A Longwood Leadership Forum
Thirty people attended the MASCO Leadership Forum on September, 9th, 2019, at BIDMC, including members’ vice presidents, directors, and managers. Leith Sharp, Director and Lead Faculty of the Executive Education for Sustainability Leadership at Harvard’s Center for Health and the Global Environment, presented a powerful new model for positioning sustainability as a driver of innovation, agility and organizational design. She stated that this management model has already been validated by a variety of representatives from business, government, nonprofit and higher education on an international scale.
Embracing the Squiggle
Ms. Sharp shared a number of personal anecdotes as examples of how agile leaders can toggle between hierarchical systems, the more traditional top-down leadership, and adaptive networking, or leadership that adapts to the current environment to find sustainable solutions faster. This management technique can be used to generate new solutions “with leadership setting the bumpers,” to streamline process, find, implement and scale solutions faster, and do so with a compelling sense of shared purpose. Several members are already planning to apply their new-found perspective and knowledge to evaluate how they may improve their organizational flow to find and scale sustainable solutions. In mapping this oscillation she explained the need to embrace “the squiggle” or the messy multi-tiered process of creating and developing sustainable solutions; in other words, sustainable change is never a straight shot, but a succession of failures and wins.
Image: Leith Sharp
How many years to change a light bulb…
The “official story” we tell each other about creating sustainable solutions is not really that easy, according to Ms. Sharp based on thousands of test cases. Ms. Sharp used the example of Harvard’s switching to LED light bulbs - a process that took “three months of constant facilitation by the change management team” - and ultimately three years to complete. “We need to do a better job of telling the real story,” she said. People become demoralized when they think they are the only ones having difficulty. Making real substantive change is genuinely difficult in large organizations and requires agile leadership to know when to use certain approaches and how to create the right environment, or ‘vibe’, to inspire teams to work to their most invested, fullest potential.

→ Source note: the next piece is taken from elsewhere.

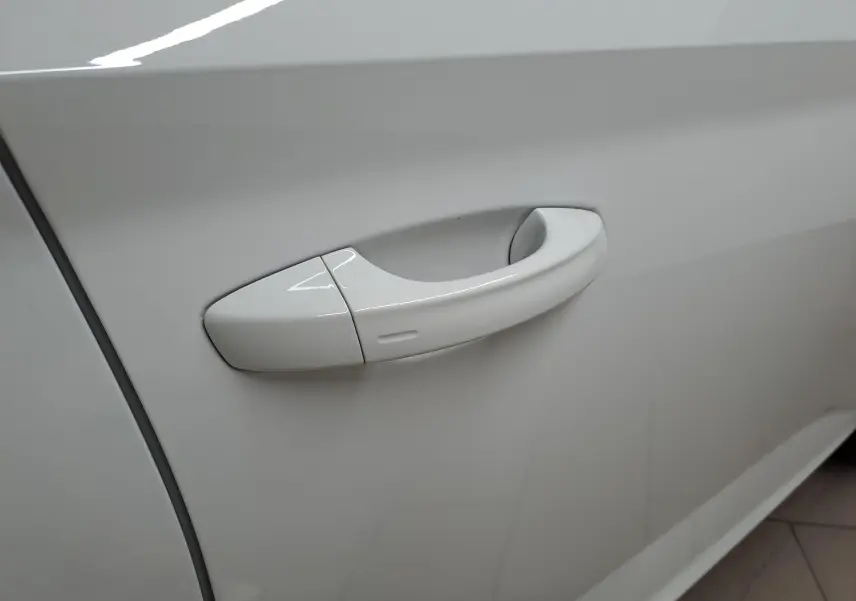 Poignée de porte côté gauche blanche Lune du Skoda Kamiq 2025, finition lisse et intégrée au design du véhicule.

Failing Forward, Finding Solutions
Adaptive networks need a sense of shared purpose and a psychologically safe environment in which new ideas can be shared openly. As leaders create these environments and learn when to employ each leadership approach, design thinking can be used to “reduce friction and increase flow,” which enables the best ideas to scale up more quickly. Ms. Sharp explained that an honest “official story” is not a simple linear progression to find and implement solutions; in the best circumstances there is oscillation, the ability to “fail forward,” and a shared language and positive felt experience.
MASCO will work with its member sustainability leaders in its committees to continue testing pilot programs to find and ultimately achieve sustainable solutions.